Science-Based Lead Generation
The first school of thought revolves around lead generation being very scientific. Proponents of this theory focus strictly on the numbers - if you need this many leads, you get this many contacts, you'll convert this many people into X and Y responses, and then be able to calculate the pipeline value.
It's very systemic, sterile, and quantified and does an excellent job of pointing out that it's critical to have a great set of numbers to understand how your campaigns will play out. Everything is a controlled experiment so the process is significantly more important than the person.
Art-Based Lead Generation
The other version nearly goes to the complete opposite end of the spectrum. This group focuses on the art and skill of the lead generator - that they have this intangible characteristic and charisma that just can't be quantified, but “you know it when you see it”. These artists can generate leads in a way that others don't have the ability to and their skill seems impossible to replicate exactly.
We have these two opposite beliefs and they tend to attract like-minded people, polarized at the two ends of the lead generation spectrum. While these two beliefs compete, lead generation firms tend to attract those that feel strongly about one end or the other. The problem with this is that what we see every day from our lead generators is that the most successful campaigns use nearly an equal combination of both science and art.
How Can We Bring the Two Together?
Like most things in life, success comes with balance and we see the most successful campaigns are derived when there's a combination of quantitative goals and a really controlled environment coupled with some special, charismatic people that have the soft skills to really make it work.

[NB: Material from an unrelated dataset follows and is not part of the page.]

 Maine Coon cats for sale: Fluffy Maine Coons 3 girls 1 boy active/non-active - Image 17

For us, it's not a focus on science versus art, it's the combination of the two that makes our lead generation campaigns so successful. To do that, we build our campaigns to use a combination of scientists and artists in the places their skills are the most needed.
When setting up a new campaign, we really need the scientist to control the experiment. The project management, campaign setup, the script development, and execution plan are held to very tight controls. Because of this, we use somebody who can maintain this plan and make sure everybody's following all the right steps. It really is somewhat more sterile in the fact that we must make sure that all of those things are being evaluated for what they are at the very beginning.

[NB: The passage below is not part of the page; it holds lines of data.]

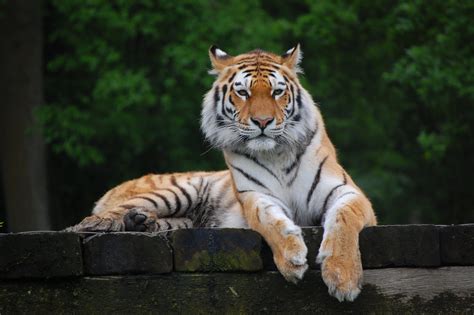 Royal Bengal Tiger Bangladesh National Animal – Wallpapers9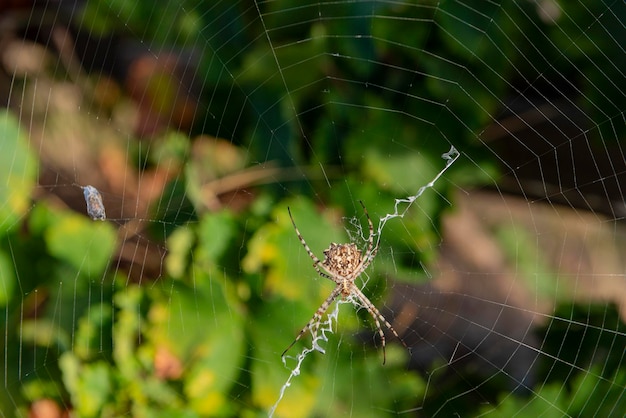 Araignée Argiope lobata Malaga Espagne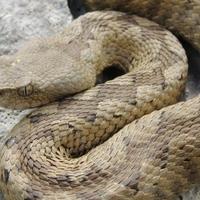 Zbog ugriza zmije otrovnice hospitalizirana tri pacijenta u Mostaru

On the opposite end of the spectrum, the person that is delivering the calls, we believe really does have to be more of an artist. They need tools so that they know how they're performing, they need dashboards so that they see where their success is, but for most of their role, if given the right set of tools, they need to just be the executor. They can focus on having some freedom and really delivering whatever the prospect needs at the other end.
In short, successful lead generation campaigns need both the skills of a scientist and artist, as long as both are asked to execute only on the items that map directly to their greatest strengths.
Where do you fall on the lead generation spectrum? Do you think the most successful lead generators are scientists, artists, or some combination of both?